═════ DATA TO EXAMINE ═════

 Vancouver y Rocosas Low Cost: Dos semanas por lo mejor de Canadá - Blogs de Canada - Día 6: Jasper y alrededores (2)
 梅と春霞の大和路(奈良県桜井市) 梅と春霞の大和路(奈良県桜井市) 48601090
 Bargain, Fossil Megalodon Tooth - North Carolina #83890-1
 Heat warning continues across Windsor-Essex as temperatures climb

═════
═════ DATA TO EXAMINE ═════

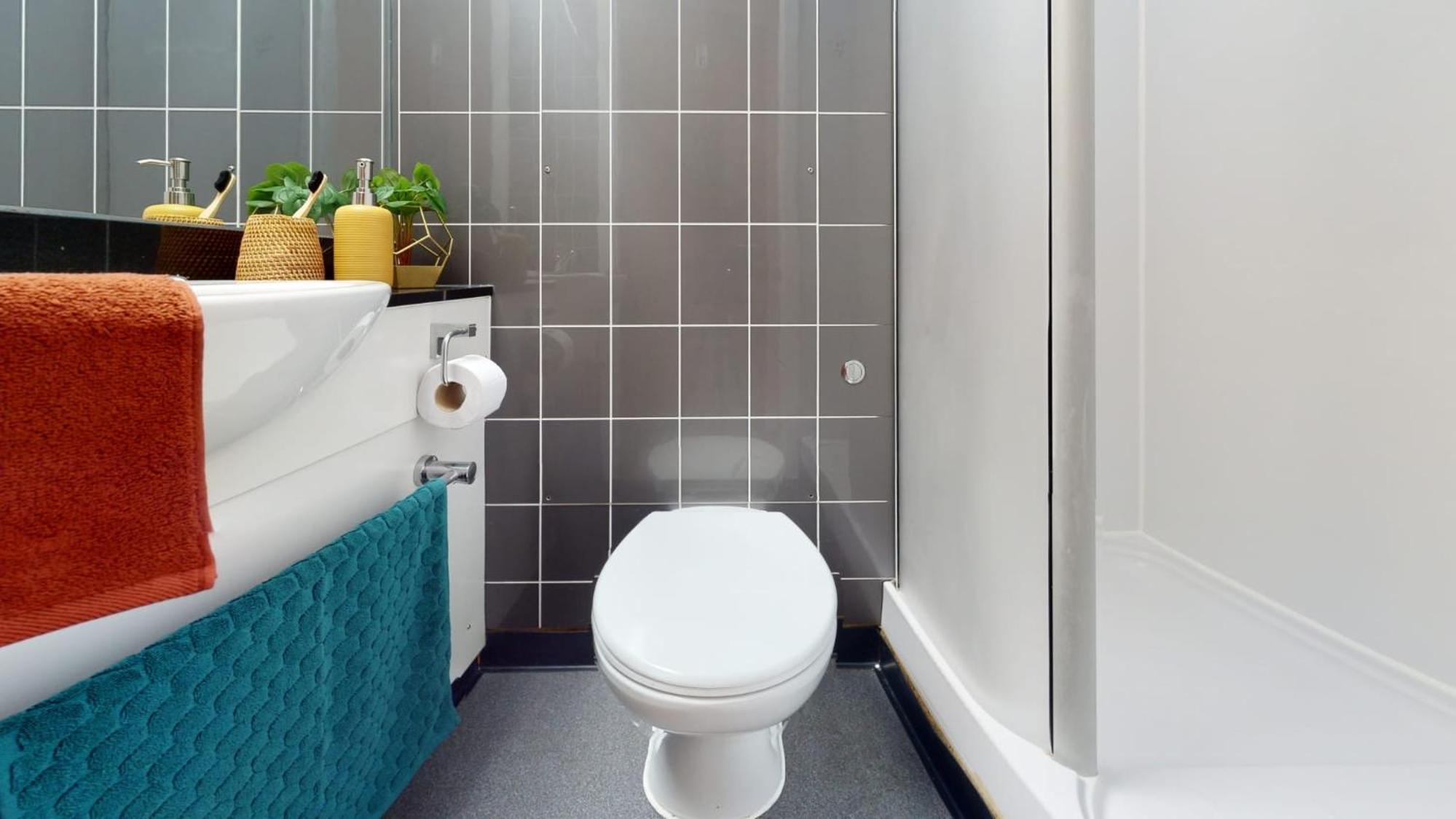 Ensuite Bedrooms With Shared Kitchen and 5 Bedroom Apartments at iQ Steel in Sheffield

═════

▸ TASK OBJECTIVE
Go through the listing above and write out exactly the lines starting with the one holding "Vancouver y Rocosas" and running through the one holding "Heat warning continues", ends included, and no others.

▸ TASK ANSWER
 Vancouver y Rocosas Low Cost: Dos semanas por lo mejor de Canadá - Blogs de Canada - Día 6: Jasper y alrededores (2)
 梅と春霞の大和路(奈良県桜井市) 梅と春霞の大和路(奈良県桜井市) 48601090
 Bargain, Fossil Megalodon Tooth - North Carolina #83890-1
 Heat warning continues across Windsor-Essex as temperatures climb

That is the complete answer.